One wrong move with Jędrzejczyk may result in you not coming out in one piece!
Any Polish musicians in attendance for a postgame concert?
Not that I know of.
But Polish pop signer Mateusz Ziółko released “W płomieniach” (In Flames), which will get all the ladies swooning:
Ziółko won the “The Voice of Poland” in 2013, the Polish spinoff of “The Voice,” a Dutch-based talent show franchise where singers hope to hit it big. “The Voice” has multiple versions of the show besides its “home turf” in the Netherlands and Poland of course. The most popular version of “The Voice” is aired right here in the United States!
That said, I think the best singers are the coaches, not the contestants:
Alright, let’s get to some more factoids, in particular America’s relationship with Poland:
Some things on the relationship between Poland and the United States
The USA is the melting pot of the world. As you might expect, there are plenty of Polish Americans. In fact, 10 million Americans claim Polish ancestry — more than any other country in the world.
Most Polish immigration to American happened in the late 19th and early 20th centuries when they fled regions in current day Germany, Austria, and Russia to the United States for a better life. Ultimately, most of them stayed. There were subsequent immigration waves in post World War 2 and in the 1990’s when the Cold War ended.
Today is an important day for both Poles and Americans alike because it’s Tadeusz Kościuszko’s 271st birthday.
Kościuszko was a Polish-Lithuanian who served in the American Continental Army during the Revolutionary War. He is credited for designing many of West Point’s fortresses, and planned the Battle of Saratoga.
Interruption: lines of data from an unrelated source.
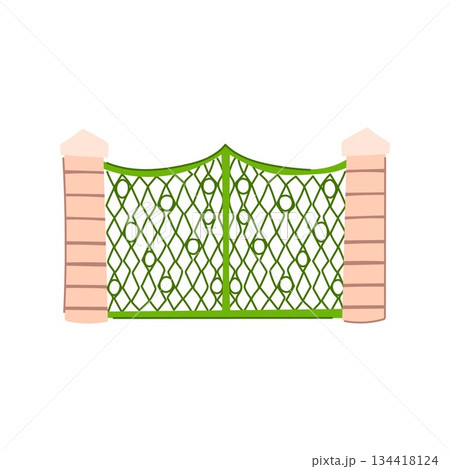 Decorative green ornate gate with brick pillars Decorative green ornate gate with brick pillars 134418124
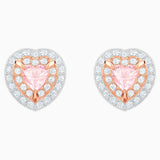Swarovski,One Stud Pierced Earrings,Multi-Colored, Rose-Gold Tone,One Size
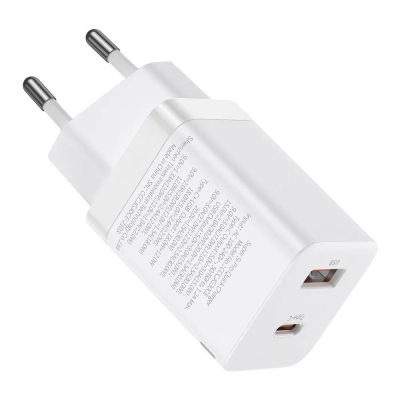 Зарядное устройство Baseus 1xUSB-C 30W + 1xUSB white (CCSUPP-E02)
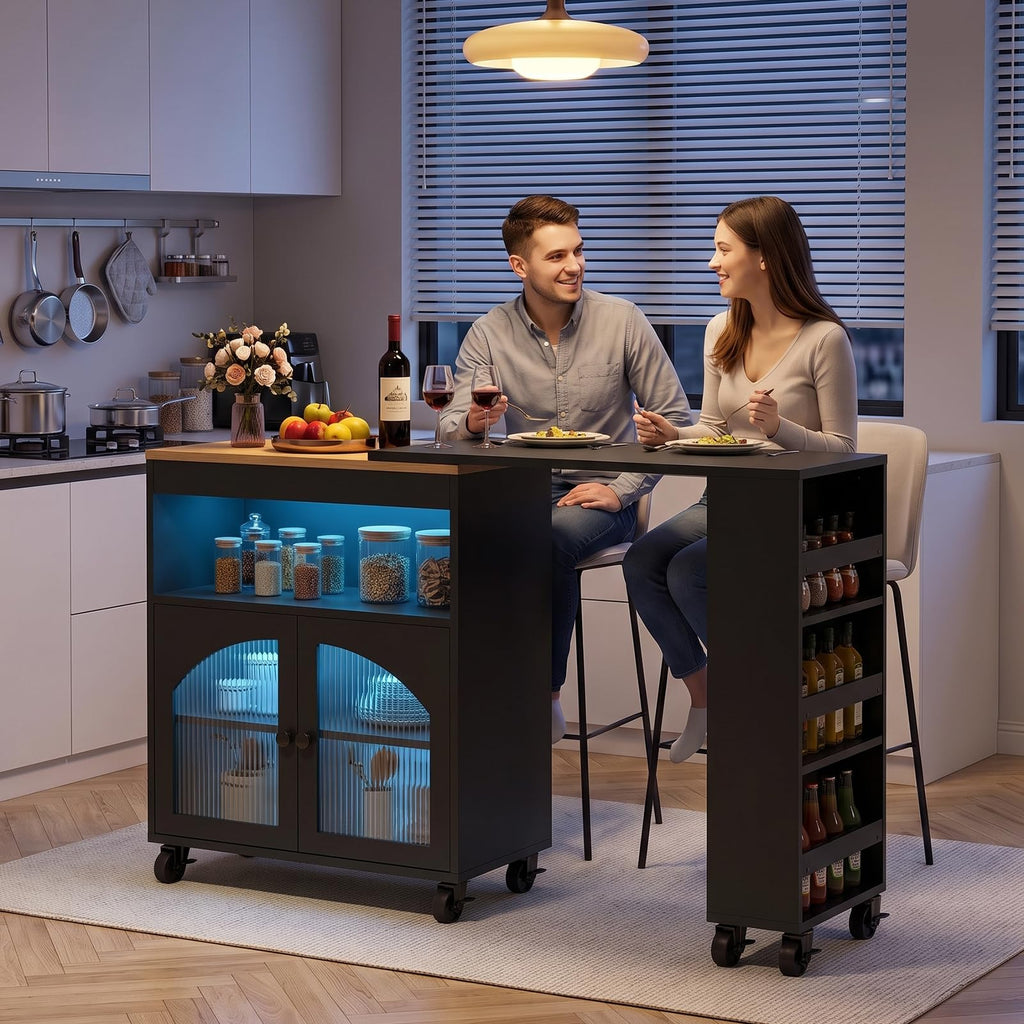 Rolling Kitchen Island with 360Â° Swivel Dining Table 71"-39" Extendable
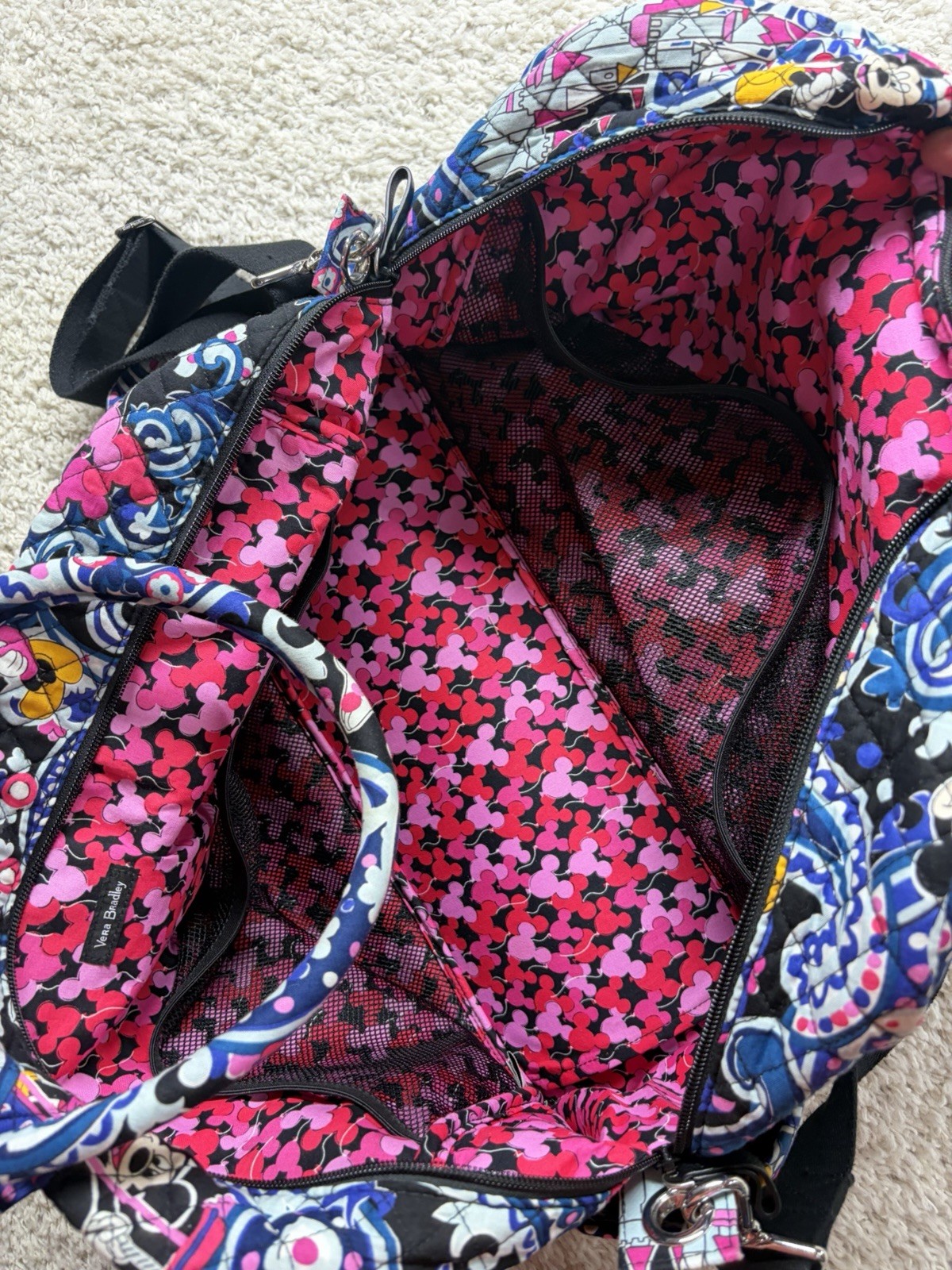 Vera Bradley Disney Mickey Whimsical Paisley Weekender Duffel Bag EUC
We will always remember George Washington of course, but Kościuszko was also a major part of the war himself.
We have many Polish Americans who influence our society and the list would be. As a basketball site, let’s first focus on those who are on the court:
Famous Polish Americans in basketball
The most famous Polish American in basketball is probably Mike Krzyzewski, the head coach of the Duke men’s basketball team where he won five national championships. He also led the USA Basketball men’s national team to three consecutive Gold Medals in the Olympics.
But the most famous Polish American in Wizards history is Mitch Kupchak. He played for Washington from 1976-1981 where he was part of the 1977-78 championship team as one of their key young players. Today, he’s better known as the GM of the Los Angeles Lakers, where he’s been since 2001.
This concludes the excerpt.